Lines with the word "Square" are the ones wanted. Copy each of them from the entries below.

RECORDS SUPPLIED:

──────────

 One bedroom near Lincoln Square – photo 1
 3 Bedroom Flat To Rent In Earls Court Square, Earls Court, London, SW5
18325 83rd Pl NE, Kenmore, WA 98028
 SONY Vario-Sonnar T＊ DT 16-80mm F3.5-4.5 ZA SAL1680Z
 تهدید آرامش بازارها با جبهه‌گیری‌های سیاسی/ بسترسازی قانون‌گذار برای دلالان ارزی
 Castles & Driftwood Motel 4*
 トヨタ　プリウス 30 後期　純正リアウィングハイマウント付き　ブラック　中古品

──────────

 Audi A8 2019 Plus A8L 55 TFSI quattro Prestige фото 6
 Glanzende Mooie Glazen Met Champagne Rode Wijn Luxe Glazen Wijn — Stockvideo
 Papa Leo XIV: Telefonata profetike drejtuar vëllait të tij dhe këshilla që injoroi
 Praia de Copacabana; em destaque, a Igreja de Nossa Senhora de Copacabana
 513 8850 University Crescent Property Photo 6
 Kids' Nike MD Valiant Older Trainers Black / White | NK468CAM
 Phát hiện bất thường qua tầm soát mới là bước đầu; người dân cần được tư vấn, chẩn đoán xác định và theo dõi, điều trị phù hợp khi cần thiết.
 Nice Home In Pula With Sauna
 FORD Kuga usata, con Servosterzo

──────────

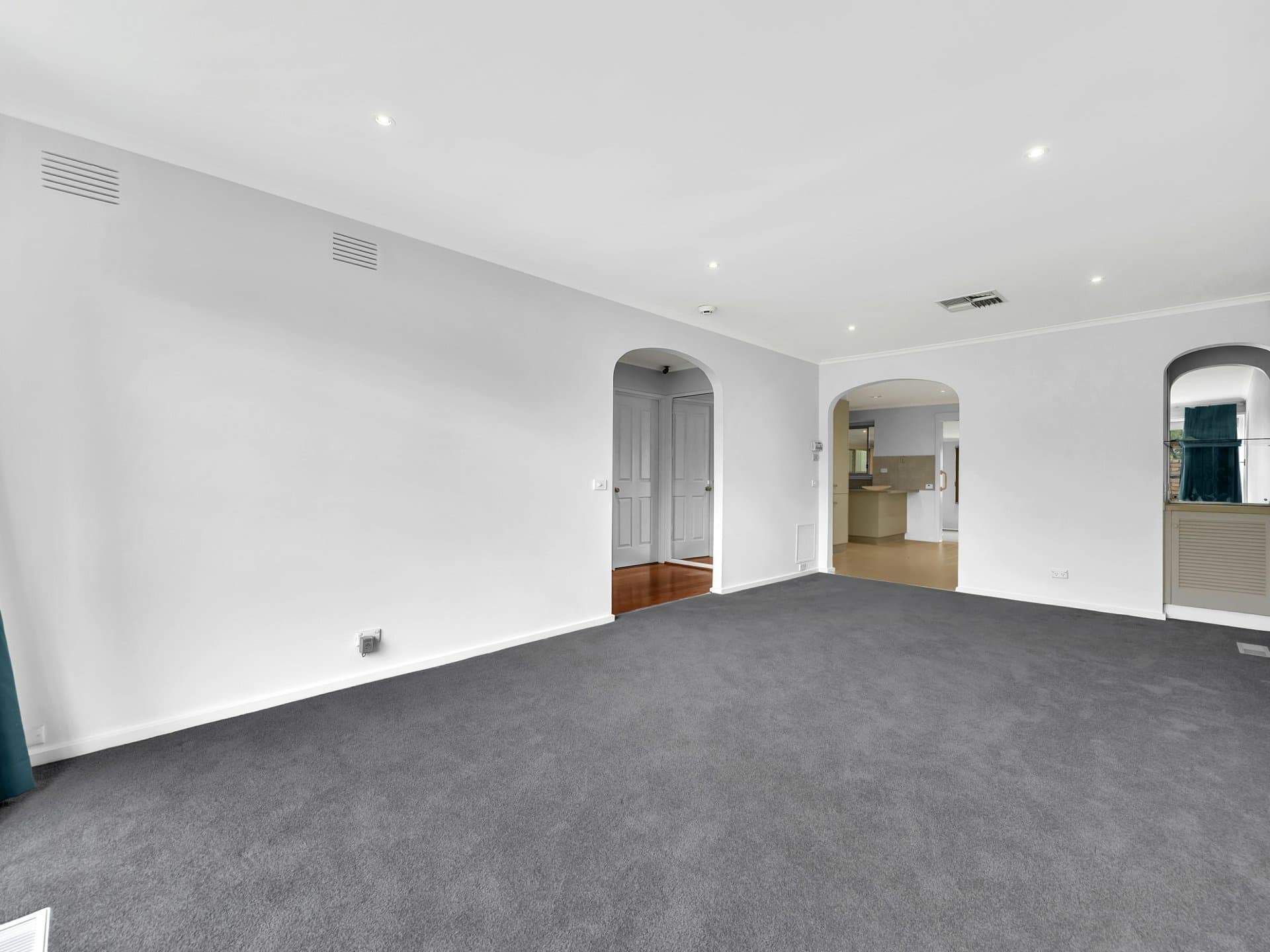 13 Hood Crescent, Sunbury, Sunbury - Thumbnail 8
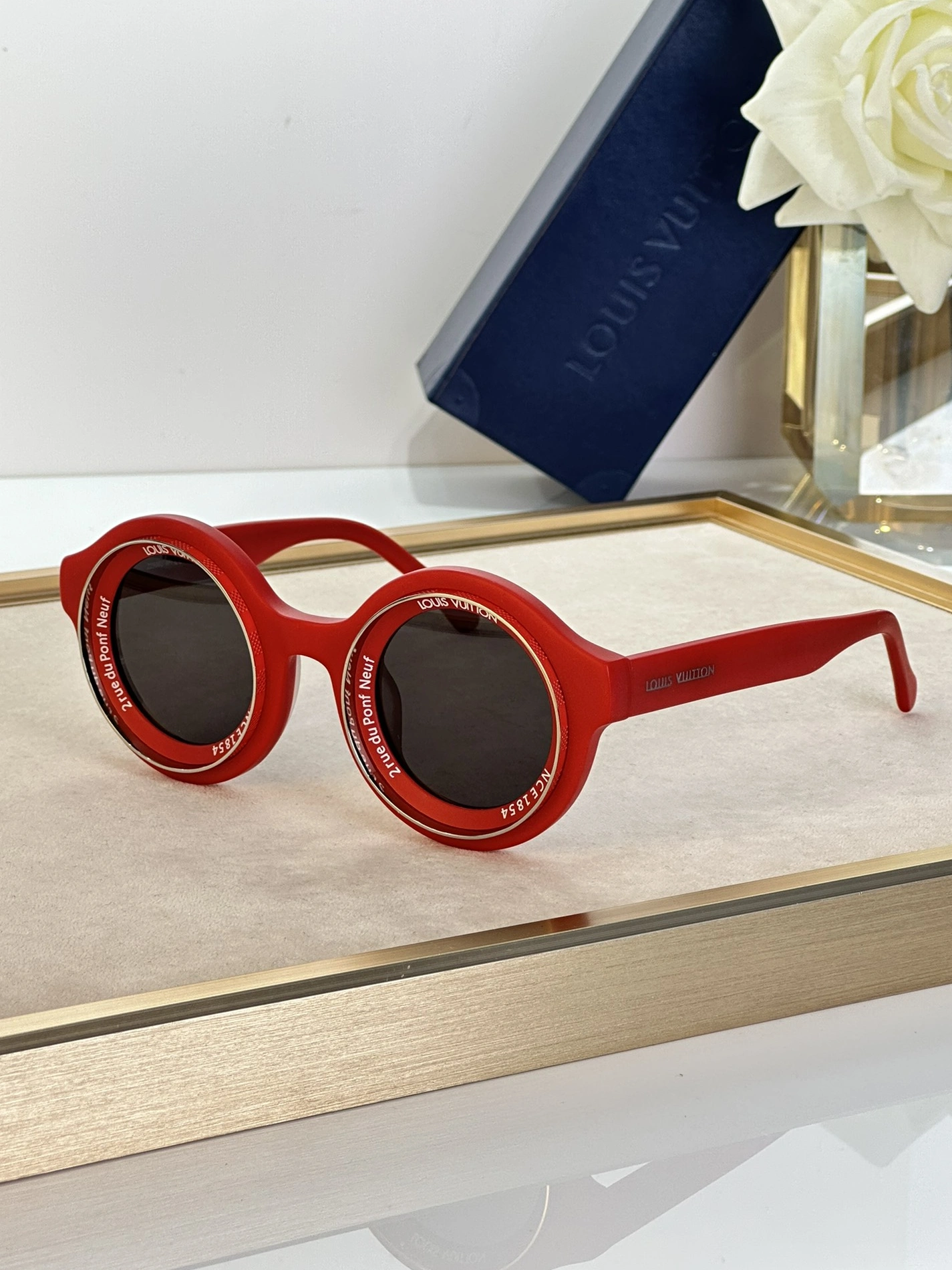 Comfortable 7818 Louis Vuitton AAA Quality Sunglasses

──────────

OUTPUT OF THE TASK:
 One bedroom near Lincoln Square – photo 1
 3 Bedroom Flat To Rent In Earls Court Square, Earls Court, London, SW5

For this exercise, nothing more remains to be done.